Possibly an older lib somewhere mucking up the works for the stock app?


The normal kernel for OpenSuse 13.1 is 3.11 In my case, I updated the kernel on those machines myself. I have a 4.4 kernel I'm working on as time permits and will be switching to that on erb1 at some point down the road. erb1 got rebuilt/reformatted about 10 months ago or so because it had been through too many upgrades and things were getting weird there, so I did a fresh 13.1 install. (I tried 13.2 at that time too but I didn't feel it was really ready for prime time so I reformatted and went back to 13.1)
3) Message boards : Number crunching : Need help - Seti v8 MB units running forever (Message 1769871)
Posted 5 Mar 2016 by Profile Eric B
I tried an experiment this afternoon and installed the Lunatics V8 MB executable just to see if that was going to have the same issue - and so far it hasn't. Of course its going to take several days to see this is really working but it looks promising after 6 hours or so on lunatics. One thing i do notice with lunatics tho and maybe its nothing but the estimated total time per work unit seems high most are 5 hours plus and some are 14 and a few are around 2 hours.

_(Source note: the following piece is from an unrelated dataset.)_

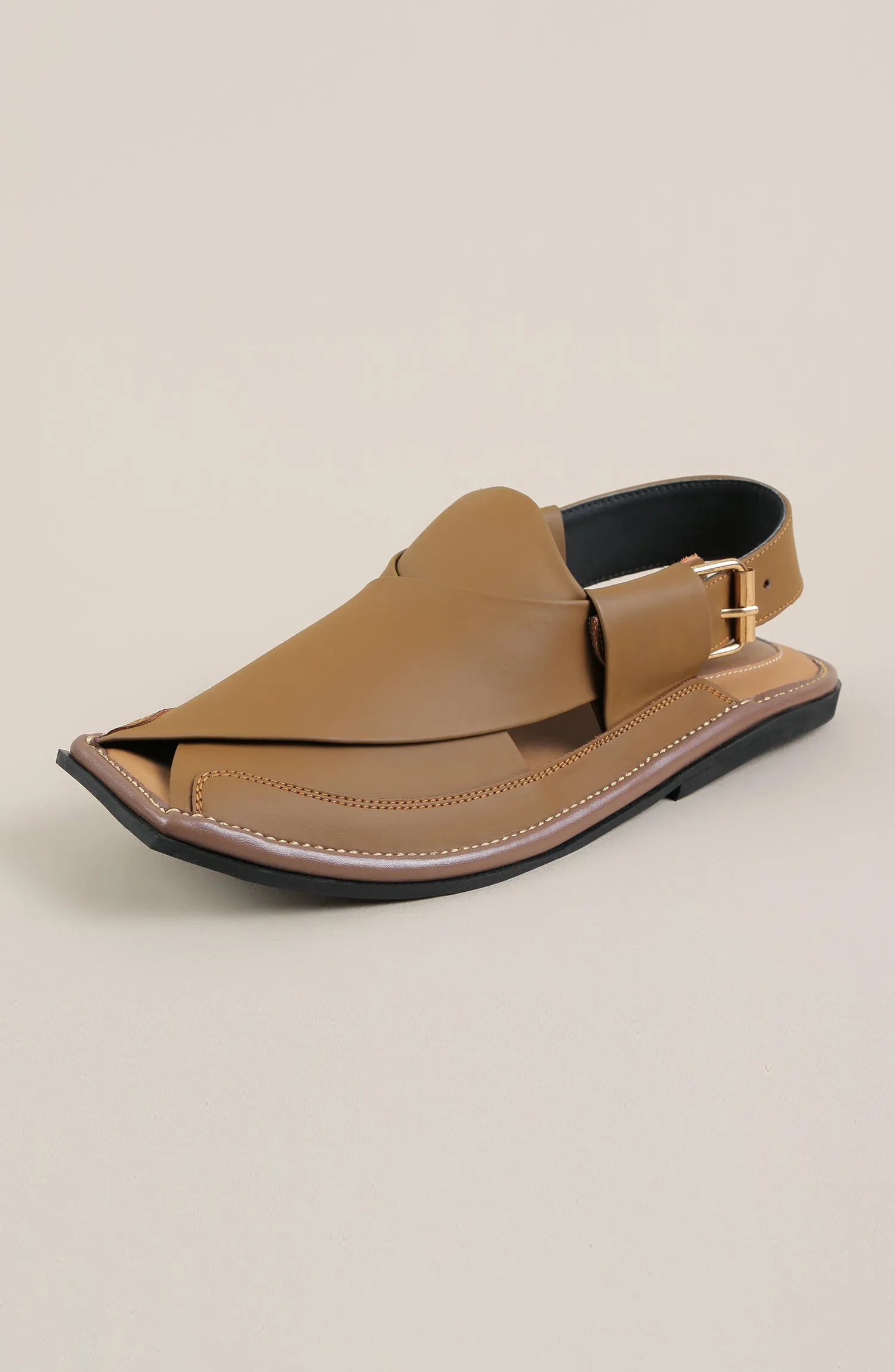 Peshawari Shahnameh Chappal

Switching to anonymous platform means the server has to relearn how long it takes to complete tasks for the application. It also happens when switching to a new application like the change from SETI@home v7 to SETI@home v8.
After about 10-11 completed tasks you will see the estimated time for newly received tasks will be lower and lower until it is accurate.

I would guess the 5 and 2 hour tasks are probably VHAR tasks or the the 14 hour ones are VLAR tasks.


Yup, you are right, after 12 hours or so the estimated times dropped down to the normal 2.5 hrs I used to see. good to understand that now - tahnks
4) Message boards : Number crunching : Need help - Seti v8 MB units running forever (Message 1769634)
Posted 5 Mar 2016 by Profile Eric B
I think this looks just like the good old stuck in benchmarks bug.

Eric, could you unhide your hosts or give a link to this one. It would be nice to see the stderr from more tasks.


I just unhid them, the troubled machine is erb1 the others seem fine
5) Message boards : Number crunching : Need help - Seti v8 MB units running forever (Message 1769633)
Posted 5 Mar 2016 by Profile Eric B
SETI@home preferences | Should SETI@home show your computers on its web site?

Got it! Thanks! they are visible now.
6) Message boards : Number crunching : Need help - Seti v8 MB units running forever (Message 1769632)
Posted 5 Mar 2016 by Profile Eric B
I tried an experiment this afternoon and installed the Lunatics V8 MB executable just to see if that was going to have the same issue - and so far it hasn't. Of course its going to take several days to see this is really working but it looks promising after 6 hours or so on lunatics. One thing i do notice with lunatics tho and maybe its nothing but the estimated total time per work unit seems high most are 5 hours plus and some are 14 and a few are around 2 hours.
7) Message boards : Number crunching : Need help - Seti v8 MB units running forever (Message 1769629)
Posted 5 Mar 2016 by Profile Eric B
I think this looks just like the good old stuck in benchmarks bug.

Eric, could you unhide your hosts or give a link to this one. It would be nice to see the stderr from more tasks.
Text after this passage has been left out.